• Task data:
┄┄┄┄┄┄┄┄┄┄
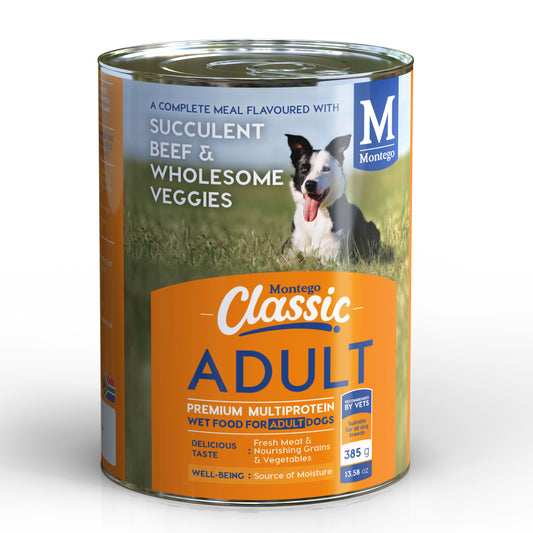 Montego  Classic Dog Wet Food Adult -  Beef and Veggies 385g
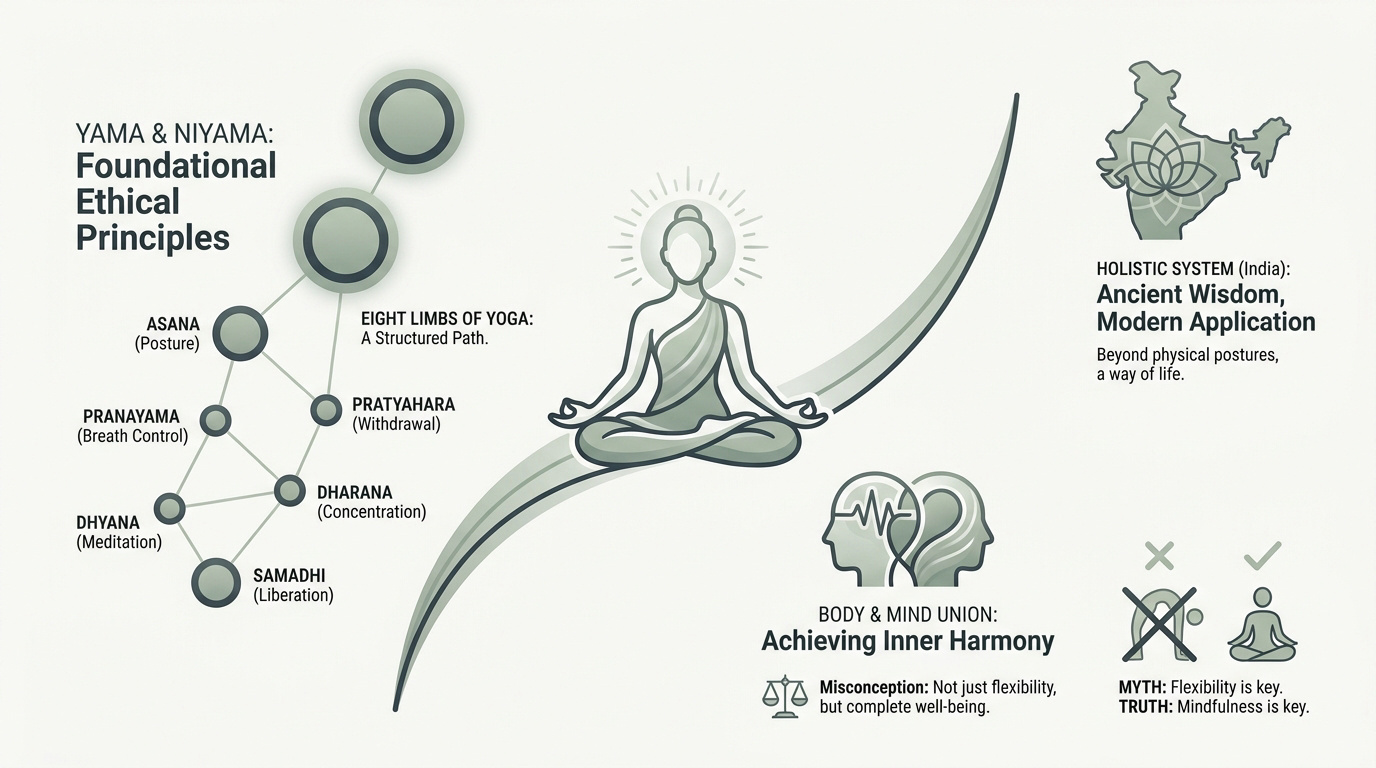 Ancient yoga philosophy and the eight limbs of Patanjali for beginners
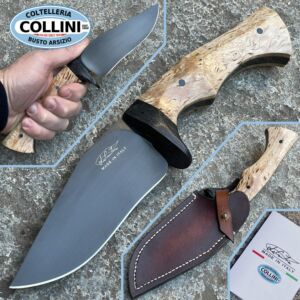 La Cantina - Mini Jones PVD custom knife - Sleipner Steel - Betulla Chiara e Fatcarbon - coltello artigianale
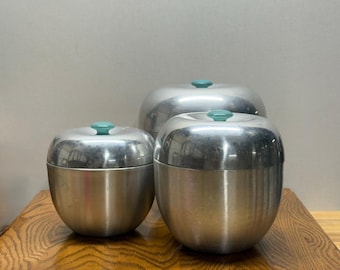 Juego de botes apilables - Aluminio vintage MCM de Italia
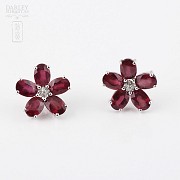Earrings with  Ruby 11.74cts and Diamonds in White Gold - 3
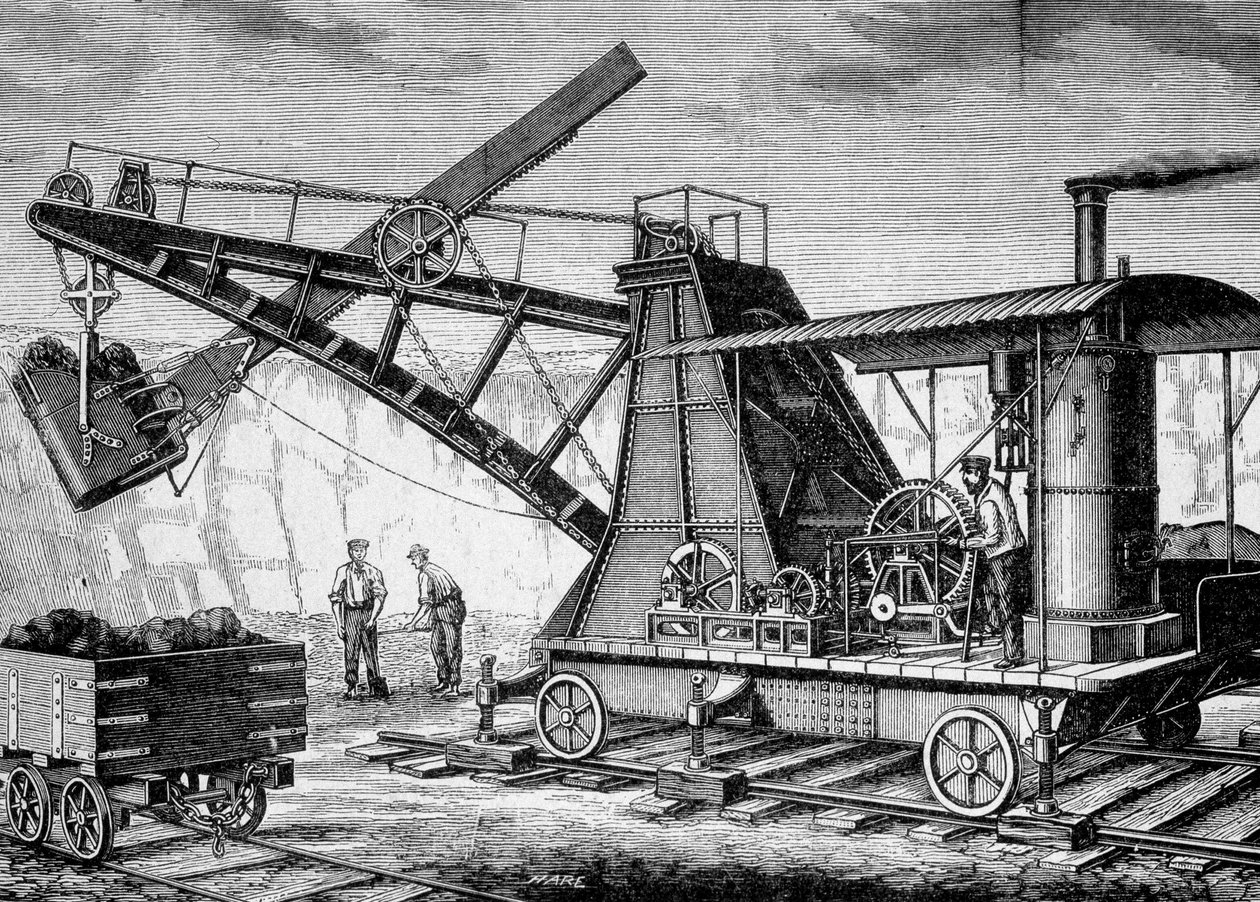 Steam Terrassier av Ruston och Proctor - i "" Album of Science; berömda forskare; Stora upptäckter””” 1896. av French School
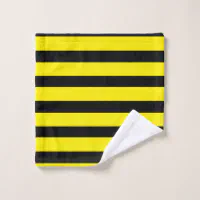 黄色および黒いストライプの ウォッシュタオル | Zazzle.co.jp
┄┄┄┄┄┄┄┄┄┄
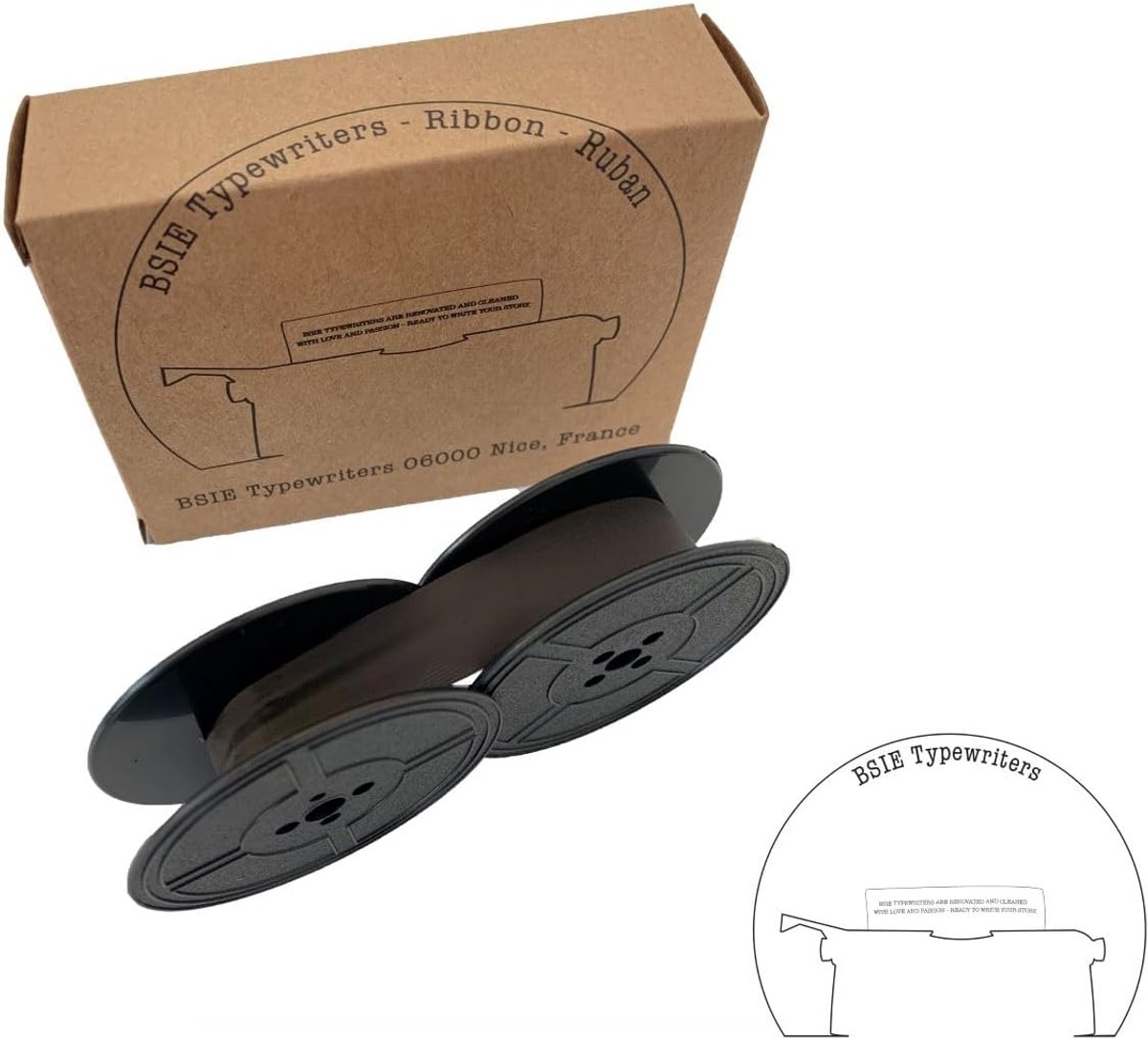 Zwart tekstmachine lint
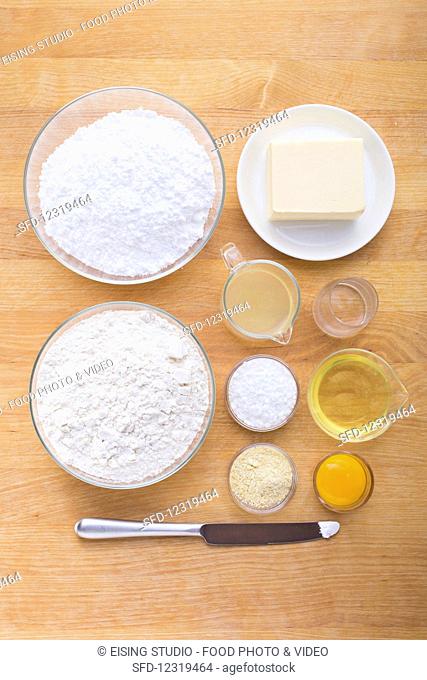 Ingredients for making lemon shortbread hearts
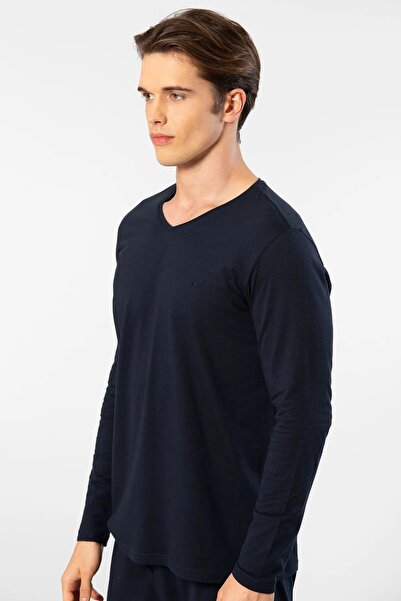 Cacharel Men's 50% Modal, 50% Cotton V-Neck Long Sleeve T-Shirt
┄┄┄┄┄┄┄┄┄┄
• Action item: Working from the entries above, please transcribe only the lines from the line with "and Veggies 385g" through the line with "黄色および黒いストライプの ウォッシュタオル | Zazzle.co.jp", exactly, with both end lines and without pictures.

• Final answer:
 Montego  Classic Dog Wet Food Adult -  Beef and Veggies 385g
 Ancient yoga philosophy and the eight limbs of Patanjali for beginners
 La Cantina - Mini Jones PVD custom knife - Sleipner Steel - Betulla Chiara e Fatcarbon - coltello artigianale
 Juego de botes apilables - Aluminio vintage MCM de Italia
Earrings with  Ruby 11.74cts and Diamonds in White Gold - 3
 Steam Terrassier av Ruston och Proctor - i "" Album of Science; berömda forskare; Stora upptäckter””” 1896. av French School
 黄色および黒いストライプの ウォッシュタオル | Zazzle.co.jp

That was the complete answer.